First, let's recall that $\mathrm{SL}_2(\mathbb{Z})$ is the group of $2 \times 2$ matrices with integer entries and determinant 1, and $\mathrm{SL}_2(\mathbb{Z}/q\mathbb{Z})$ is the group of $2 \times 2$ matrices with entries in $\mathbb{Z}/q\mathbb{Z}$ and determinant 1.

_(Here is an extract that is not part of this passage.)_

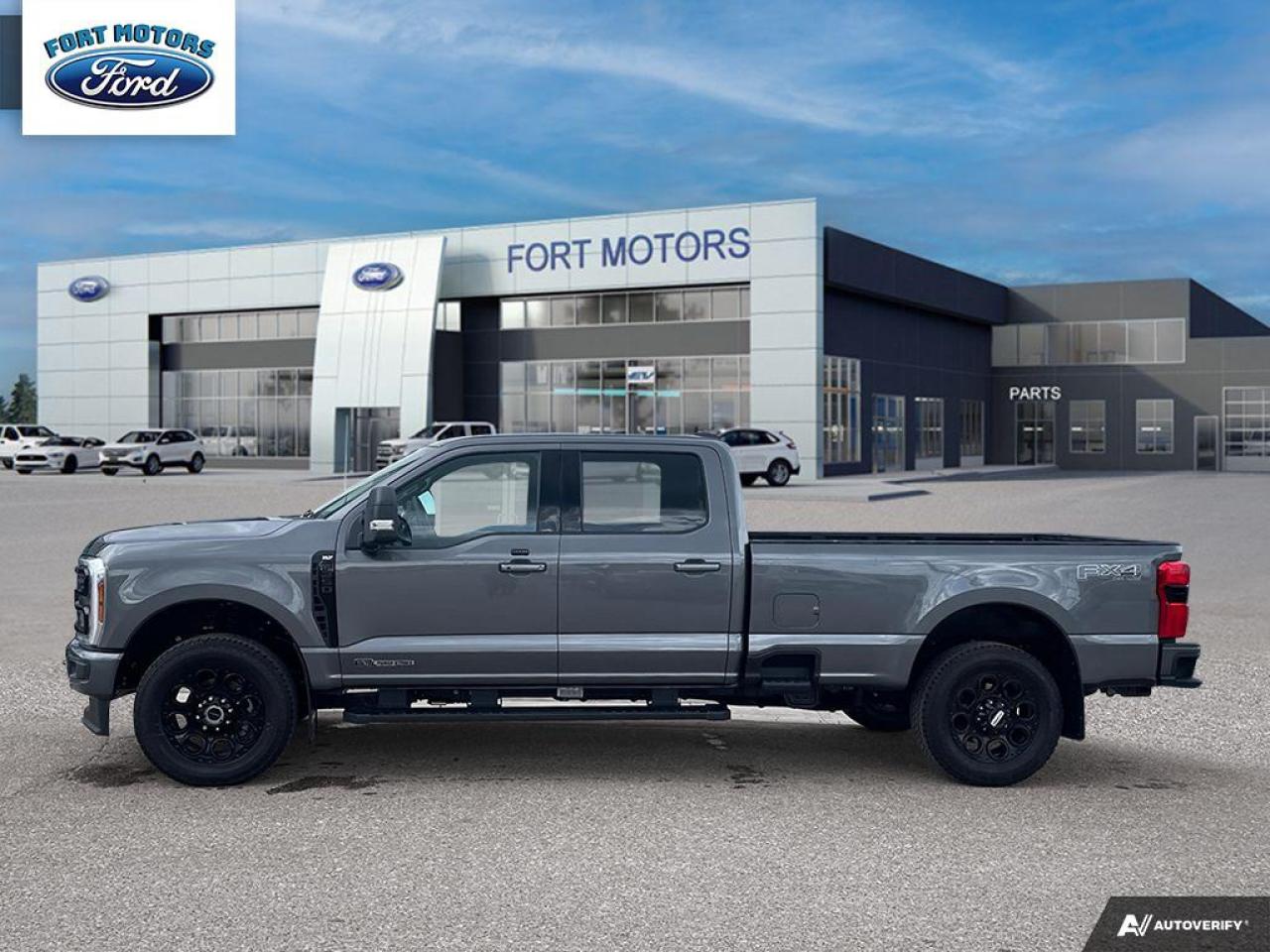2025 Ford SUPER DUTY F-350 SRW F-350® XLT Photo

Now, consider the homomorphism $\phi: \mathrm{SL}_2(\mathbb{Z}) \rightarrow \mathrm{SL}_2(\mathbb{Z}/p^t\mathbb{Z})$. The kernel of this homomorphism is $\Gamma(p^t)$. By the First Isomorphism Theorem, we have:
$$\mathrm{SL}_2(\mathbb{Z})/\Gamma(p^t) \cong \phi(\mathrm{SL}_2(\mathbb{Z})) \leq \mathrm{SL}_2(\mathbb{Z}/p^t\mathbb{Z})$$
Similarly, we have the homomorphism $\psi: \mathrm{SL}_2(\mathbb{Z}) \rightarrow \mathrm{SL}_2(\mathbb{Z}/p\mathbb{Z})$ with kernel $\Gamma(p)$. Then,
$$\mathrm{SL}_2(\mathbb{Z})/\Gamma(p) \cong \psi(\mathrm{SL}_2(\mathbb{Z})) \leq \mathrm{SL}_2(\mathbb{Z}/p\mathbb{Z})$$
Now, consider the composition of the natural projection $\pi: \mathrm{SL}_2(\mathbb{Z}/p^t\mathbb{Z}) \rightarrow \mathrm{SL}_2(\mathbb{Z}/p\mathbb{Z})$ with the homomorphism $\phi$. We have $\pi \circ \phi = \psi$. By the Second Isomorphism Theorem, we have:
$$\frac{\mathrm{SL}_2(\mathbb{Z})/\Gamma(p^t)}{\mathrm{SL}_2(\mathbb{Z})/\Gamma(p)} \cong \frac{\phi(\mathrm{SL}_2(\mathbb{Z}))}{\psi(\mathrm{SL}_2(\mathbb{Z}))} \leq \frac{\mathrm{SL}_2(\mathbb{Z}/p^t\mathbb{Z})}{\mathrm{SL}_2(\mathbb{Z}/p\mathbb{Z})}$$
Now, we need to find the order of the quotient group $\frac{\mathrm{SL}_2(\mathbb{Z}/p^t\mathbb{Z})}{\mathrm{SL}_2(\mathbb{Z}/p\mathbb{Z})}$. The order of $\mathrm{SL}_2(\mathbb{Z}/p^t\mathbb{Z})$ is given by:
$$|\mathrm{SL}_2(\mathbb{Z}/p^t\mathbb{Z})| = (p^2 - 1)(p^2 - p)$$
And the order of $\mathrm{SL}_2(\mathbb{Z}/p\mathbb{Z})$ is given by:
$$|\mathrm{SL}_2(\mathbb{Z}/p\mathbb{Z})| = (p- 1)^2$$
So, the order of the quotient group $\frac{\mathrm{SL}_2(\mathbb{Z}/p^t\mathbb{Z})}{\mathrm{SL}_2(\mathbb{Z}/p\mathbb{Z})}$ is:
$$\frac{(p^2 - 1)(p^2 - p)}{(p - 1)^2} = p(p + 1)$$
Since $p$ is a prime, $p(p + 1)$ is a power of $p$. Therefore, the quotient group $\frac{\mathrm{SL}_2(\mathbb{Z}/p^t\mathbb{Z})}{\mathrm{SL}_2(\mathbb{Z}/p\mathbb{Z})}$ is a $p$-group.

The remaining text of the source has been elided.